• [PROBLEM TO SOLVE]:
Using the listing below, copy exactly the lines from the one containing "Turtle Men 100%" to the one containing "Olsen & Smith", both lines included, and no others.

• [MATERIAL SHOWN]:
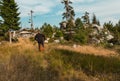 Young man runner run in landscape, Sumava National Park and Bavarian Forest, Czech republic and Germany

--

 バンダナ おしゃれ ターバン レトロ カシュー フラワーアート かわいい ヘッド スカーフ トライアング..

--

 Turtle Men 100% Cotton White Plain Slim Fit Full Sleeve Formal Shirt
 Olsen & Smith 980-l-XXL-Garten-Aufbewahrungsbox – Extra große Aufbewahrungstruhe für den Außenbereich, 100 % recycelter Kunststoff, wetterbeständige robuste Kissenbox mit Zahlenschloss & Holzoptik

• [WRITTEN ANSWER]:
 Turtle Men 100% Cotton White Plain Slim Fit Full Sleeve Formal Shirt
 Olsen & Smith 980-l-XXL-Garten-Aufbewahrungsbox – Extra große Aufbewahrungstruhe für den Außenbereich, 100 % recycelter Kunststoff, wetterbeständige robuste Kissenbox mit Zahlenschloss & Holzoptik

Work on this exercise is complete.